[TASK DIRECTIONS]: From the first line of the records below, transcribe each line exactly up to and including the one with "Makeup Sponge Storage"; pictures stay out.
+++ DATA TO USE
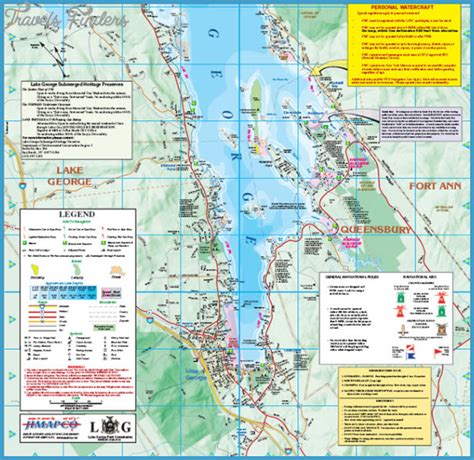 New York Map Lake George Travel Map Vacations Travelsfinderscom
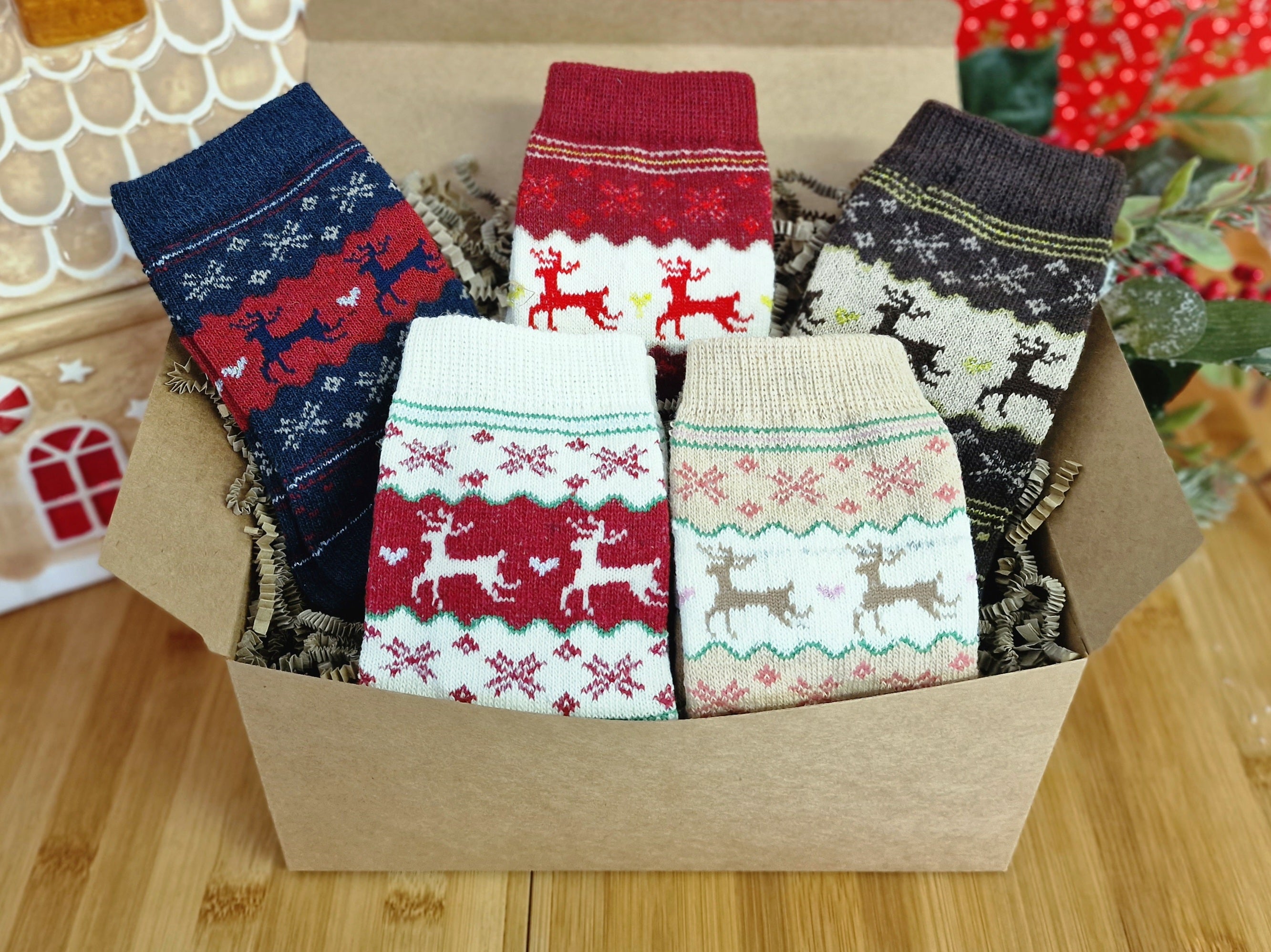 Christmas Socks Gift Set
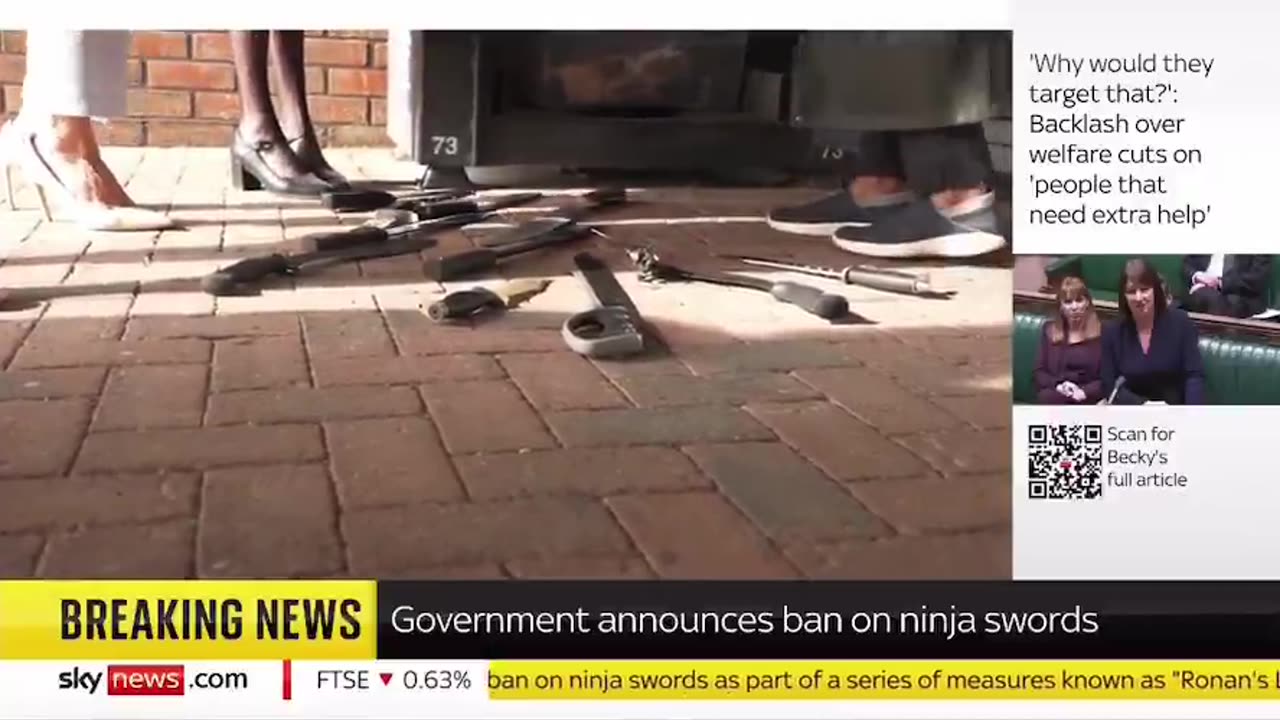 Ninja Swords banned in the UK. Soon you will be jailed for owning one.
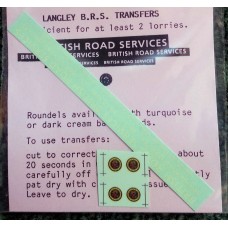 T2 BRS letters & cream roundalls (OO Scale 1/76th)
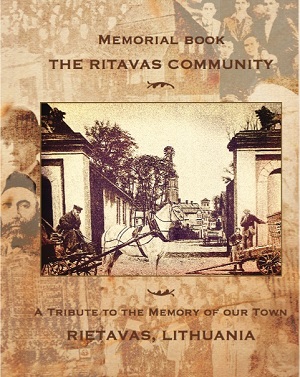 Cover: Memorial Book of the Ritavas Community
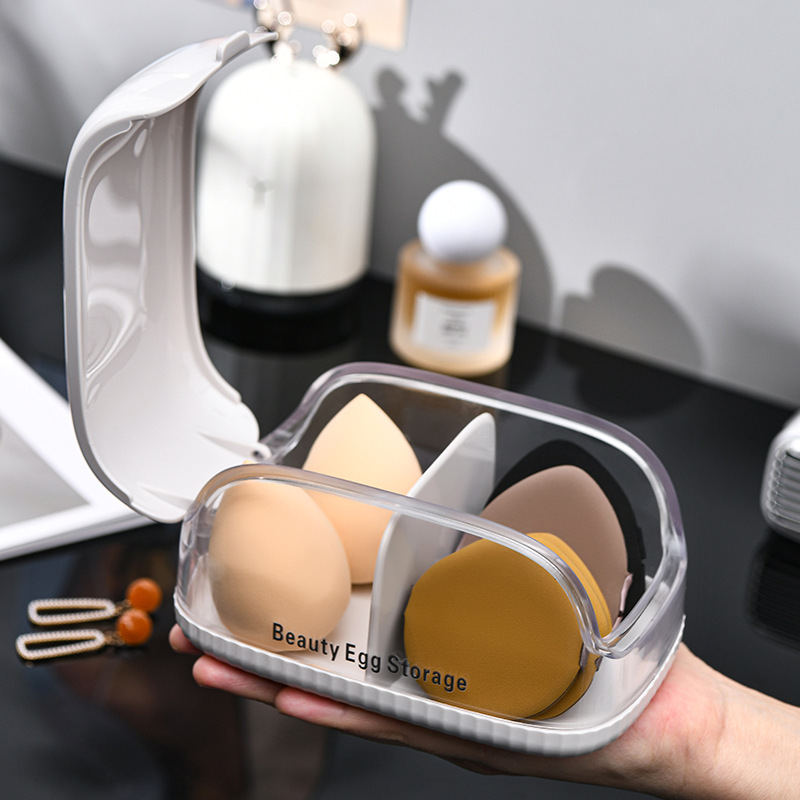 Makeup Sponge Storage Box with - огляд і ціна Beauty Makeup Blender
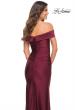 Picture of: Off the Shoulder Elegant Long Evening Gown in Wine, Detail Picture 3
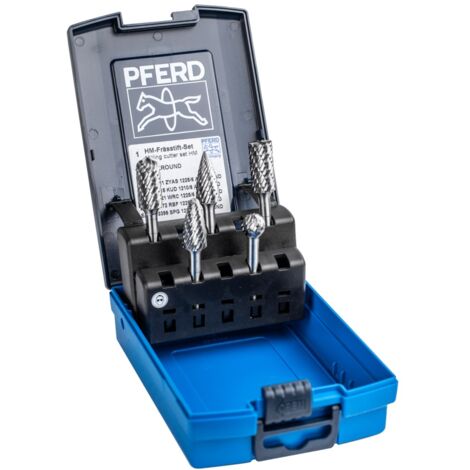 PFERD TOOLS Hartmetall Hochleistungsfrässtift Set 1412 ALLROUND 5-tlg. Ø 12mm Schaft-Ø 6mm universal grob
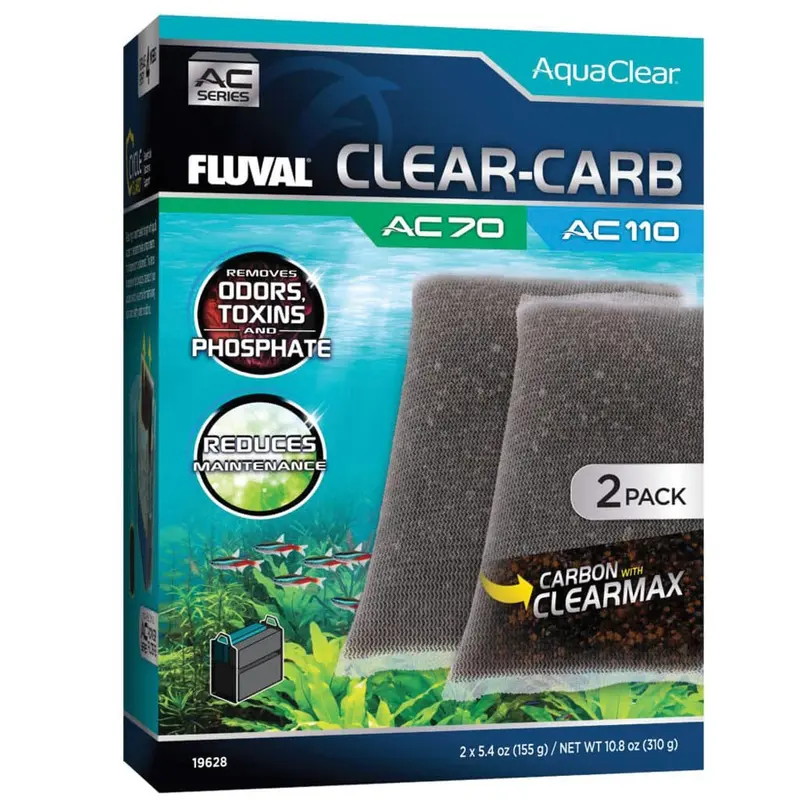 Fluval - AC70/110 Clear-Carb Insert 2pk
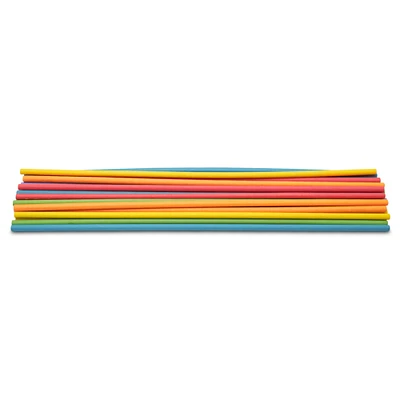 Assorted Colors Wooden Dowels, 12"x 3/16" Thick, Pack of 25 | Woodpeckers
++++++
[ANSWER TO THIS TASK]:
 New York Map Lake George Travel Map Vacations Travelsfinderscom
 Christmas Socks Gift Set
 Ninja Swords banned in the UK. Soon you will be jailed for owning one.
 T2 BRS letters & cream roundalls (OO Scale 1/76th)
 Cover: Memorial Book of the Ritavas Community
 Makeup Sponge Storage Box with - огляд і ціна Beauty Makeup Blender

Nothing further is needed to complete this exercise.